Tommy has only barely begun to make therapeutic headway when the gang of hoodie-clad creatures re-enter his life, and pretty much the only friend he has is nurse Marie (Wunmi Mosaku), who thinks his stories about the flaky-skinned hooligans are probably just shock-induced dementia. The Priest (James Cosmo) who presides over his late wife's funeral believes otherwise, and the foul-mouthed man of the cloth berates Tommy for not taking his daughter and just leaving the city. But Tommy's too poor and too scared to leave, so when his daughter is eventually kidnapped he seeks help from the Priest to get his baby back and wipe out the juvie horde. There's one really big problem, however: according to the Priest, whose blind son is apparently some kind of medium, the hoodie creatures can see fear, and Tommy is nothing if not constantly terrified.

"Citadel" is one of those films that works not because it has a groundbreaking setup or movie monster (it doesn't), but rather because it fully explores its main character's conflict, in this case Tommy's agoraphobia. Director Foy experienced an event similar to the one that puts his main character into such a dire position, and channels into Tommy his firsthand understanding of how paranoia and anxiety can manifest physically and transform a person into a perpetual victim. The movie succeeds best when Foy and his proxy Barnard focus on just how desperate and wounded Tommy really is, and Barnard does excellent work, earning a level of audience empathy for Tommy that carries the film through some of its weaker spots. But those weak spots do take their toll. The "second sight" subplot with the Priest and his son is alternately convenient and hackneyed and, besides helping to establish a modicum of tension, doesn't really make much difference in Tommy's arc. It's a case of too much story stuff, really, since we're gonna root for him to overcome his fear and find his daughter anyway. And while the idea of feral children is pretty much guaranteed nightmare fuel, Foy shows way too much of them, so much that we start noticing the amateurish body language in the young monster cast, as well as the fact that all of these homeless creatures seem to shop at the same hoodie store.

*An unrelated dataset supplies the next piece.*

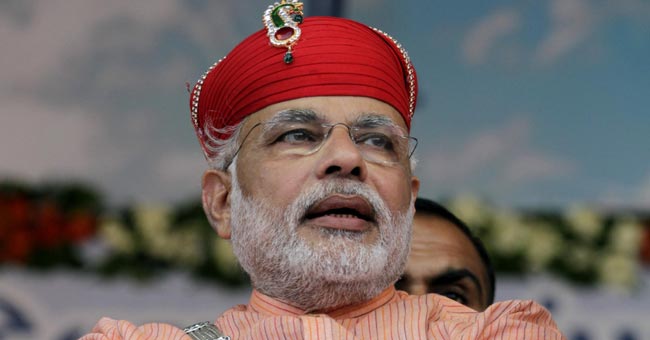 नरेंद्र मोदी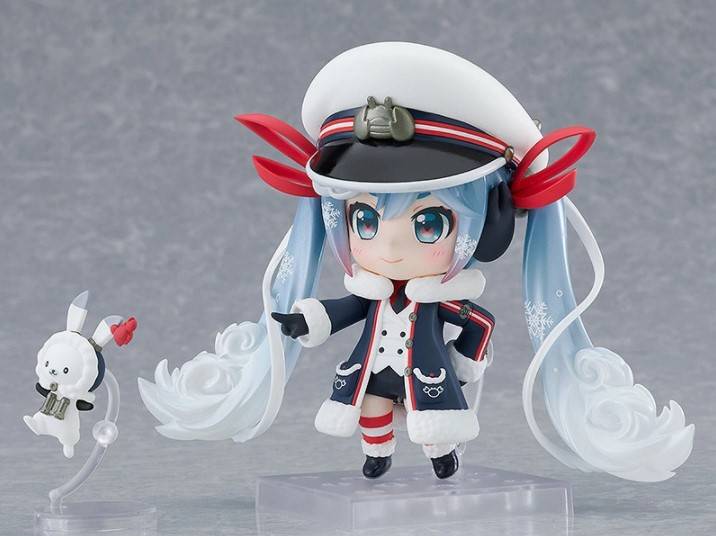 ねんどろいど 雪ミク Grand Voyage Ver.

But despite the missteps, I came away from "Citadel" with the feeling that it accomplishes quite a lot of what it sets out to do. I tend to be a fan of movies like "Candyman" or "Outcast" that turn their attention to the idea of the low-income housing project as a modern horror setting, these places that breed monsters in the very shadows of the shiny skyscrapers that have all but forgotten them. As an exploration of the class struggle so often present in this subgenre, "Citadel" doesn't spend much energy on the big picture. But as a glimpse of how one person can be so lost to the system that he's in constant danger of being lunch for its cast-off children, it has some undeniably harrowing moments.